Actuellement brandi par les étudiantes Chiliennes, ce slogan est historique sans être daté. Intemporel, il peut être interprété comme un signal clair, un avertissement intransigeant : il ne peut y avoir de mouvement révolutionnaire sans destruction du patriarcat. Face à un système universel, un slogan universel.

Notre féminisme lutte des classes a pour objectif de construire une société libérée de toutes les formes de domination et de discrimination qui passe par la caractérisation de ces dominations et de leurs liens. Longtemps le mythe du féminisme bourgeois a sévi où l’on disait que les femmes défendaient davantage une solidarité de sexe que de classe.
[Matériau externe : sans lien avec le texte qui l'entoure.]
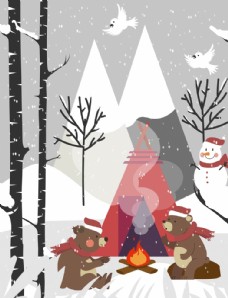 篝火冬季户外烤火的熊
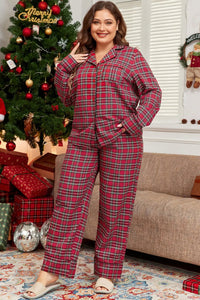 Christmas Plus Size Plaid Collared Neck Top and Pants Lounge Set For women - 7DAY'S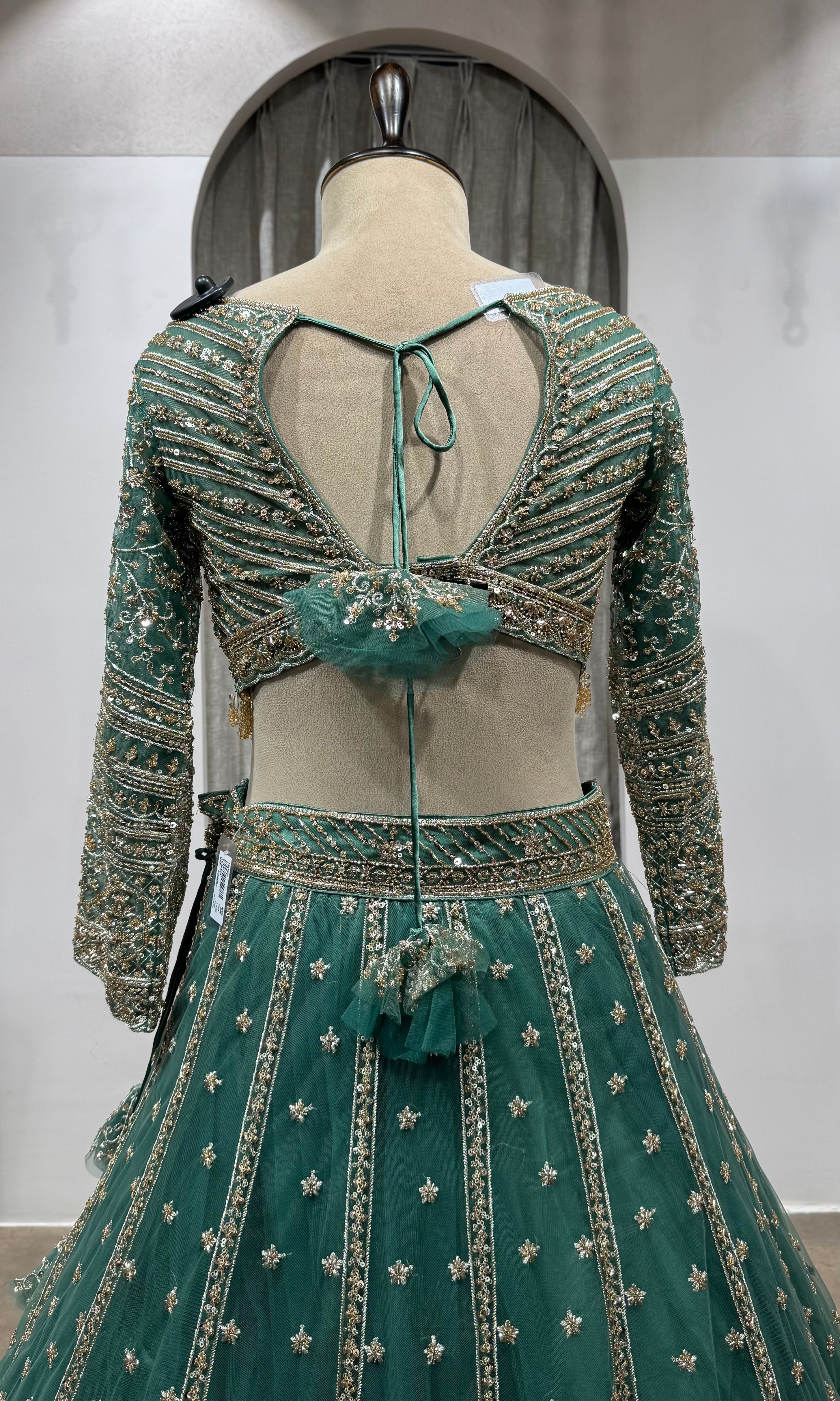 GREEN Embroidered Lehenga with Dupatta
Comme si le féminisme attaquait l’unité des combats.

Saliha Boussedra, philosophe, écrit:

“Contrairement à notre époque où le féminisme est simplement rangé parmi les questions dites « sociétales », les révolutionnaires russes avaient d’une part pris la mesure de la composante matérielle des catégories de travailleurs où les femmes étaient nombreuses, d’autre part ils savaient que le but d’une révolution communiste consiste en l’abolition de la propriété privée. Cela ne signifie rien de moins que l’abolition de la propriété privée des moyens de production ainsi que de la propriété privée qui a trait à la famille et à la division du travail qui la caractérise. (Abolir la propriété privée familiale ne signifie pas abolir les rapports femmes-hommes, ni la parentalité, mais les conditions matérielles qui fondent ces liens, de la division du travail qui fonde cette forme de propriété privée.) La question des femmes et de leurs droits réels n’était donc pas une question secondaire et « sociétale », elle constituait au contraire un enjeu fondamental dans la remise en cause de la propriété privée et de la division du travail qui la fonde. […]Continuer à percevoir la lutte féministe seulement comme une question « sociétale » et non comme une lutte fondamentale contre la division du travail et la propriété privée (capitaliste et familiale), c’est se condamner durablement à se priver de l’autre moitié du ciel qui constitue pourtant un enjeu décisif dans le cadre d’une stratégie révolutionnaire.”

Conquérir l’égalité dans la vie familiale, dans la vie professionnelle et dans la vie publique en général est une urgence sociale. Chaque nouvelle conquête remet en question non seulement l’ordre patriarcal mais aussi l’aliénation capitaliste. Le jeu de récupération des aspirations à l’égalité auquel se livre la classe dominante ne remet pas en cause le caractère nécessaire de cette bataille. En intégrant l’enjeu de l’égalité entre les sexes et les genres dans une perspective de concurrence libre et non faussé, la classe dominante renforce toutefois l’unité de celles et ceux qui ont intérêt au changement. La seule égalité des sexes n’est pas un dépassement du capitalisme, elle est toutefois une condition nécessaire, à la fois à l’unité de la classe laborieuse, à la fois à un changement de société réel. Il faut donc avec les chiliennes affirmer :

“La révolution sera féministe ou ne sera pas.”